NASSAU, BAHAMAS – The Office of the Prime Minister yesterday unveiled its National Heros social media campaign honoring three Bahamians for their courageous efforts during the passage of Hurricane Dorian.
Under the theme, “There’s a hero in all of us”, the OPM recounted the experiences of Brent Lowe, and responders Michael Gibson, and Allaya Hagigal.
Lowe, who is visually impaired, saved the life of his disabled son as the monster storm beat his home in Murphy Town, Abaco.
“…The house was just vibrating, humming, the whole house,” said Lowe.
Lowe said he heard a violent banging on the door, and when he opened it he saw his sister-in-law and several of his neighbors begging him to let them in – their roofs had blown off.
It wasn’t long after Lowe opened his home that his own roof started lifting and part of it blew off.
He said water started flowing into the house and they knew they had to evacuate to another building.
Lowe’s 24-year-old son was born with Cerebral Palsy and is unable to walk or talk.
“I had to pick him up, put him on my shoulder to evacuate the house,” Lowe said.
“And when I step on my front porch, the water was to my chin, deep.
“He was terrified and in fact he was heavy…and he wouldn’t keep still on my shoulder because the water was wetting him and the breeze was blowing and he was scared.
“He would get up and twist and when he twisted because he was so heavy, I was scared I was going to drop him and lose him.

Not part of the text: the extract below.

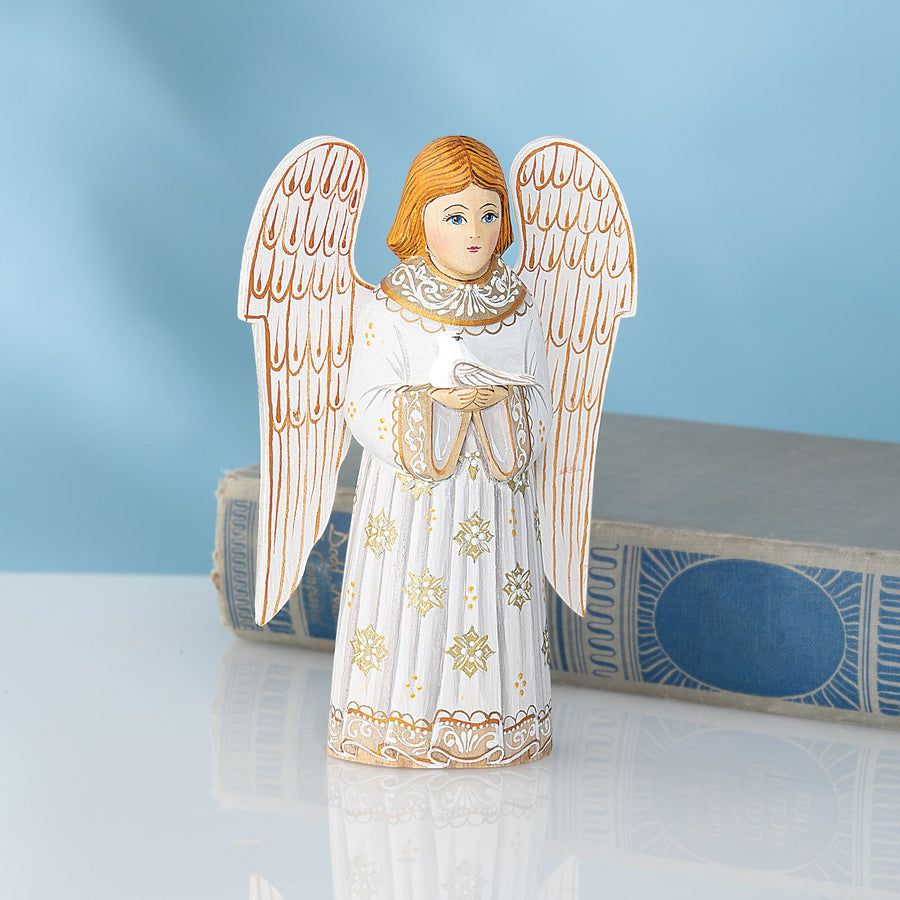 Hand-Carved White & Gold Russian Angel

“I wasn’t going to leave my son there. I just felt like I did what I had to do.”
Lowe said the whole time he was blindly walking through the water bumping into things, his only thought was whether he was going to make it.
He said the three to four minute walk to his neighbor’s home felt like it lasted forever.

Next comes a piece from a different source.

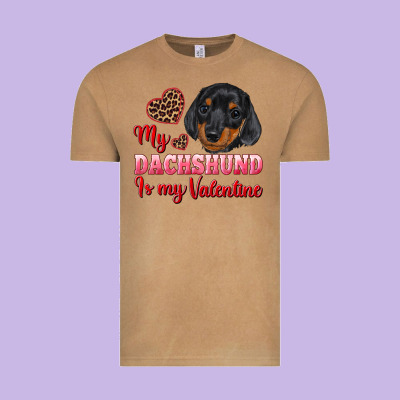 My Dachshund Is My Valentine Vintage Tee Designed By Ranaportraitstore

“I went through Floyd, I went through Jeanne, I went through Francis, but they were nothing compared to this,” Lowe said.

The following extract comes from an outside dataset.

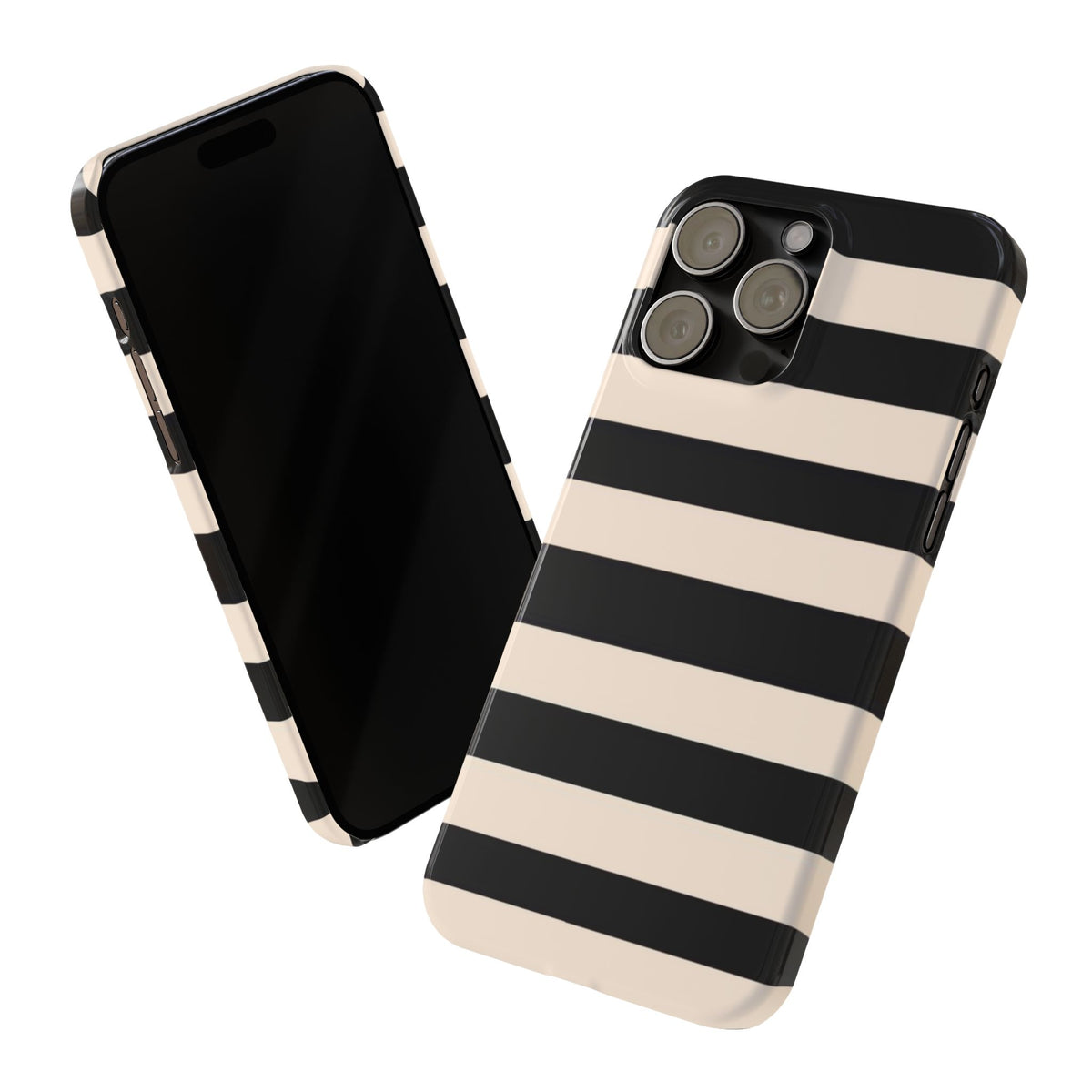 Slim Phone Case – Black & Cream Horizontal Stripes, Minimal Chic Protective Cover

The second hero, Gibson, is a Royal Bahamas Defence Force officer who was stationed on the island days before the storm hit with a team of marines.
“Actually, before the storm hit, the water was already to people’s houses and the storms was still miles away,” Gibson said.
“At that point I knew that this was going to be something serious.”
Gibson said he and others took cover in a wooden building which served as the command center.
“I was at the point concerned if this building would actually hold up and, in my mind, I was trying to run contingency plans in case this building did not hold up,” he said.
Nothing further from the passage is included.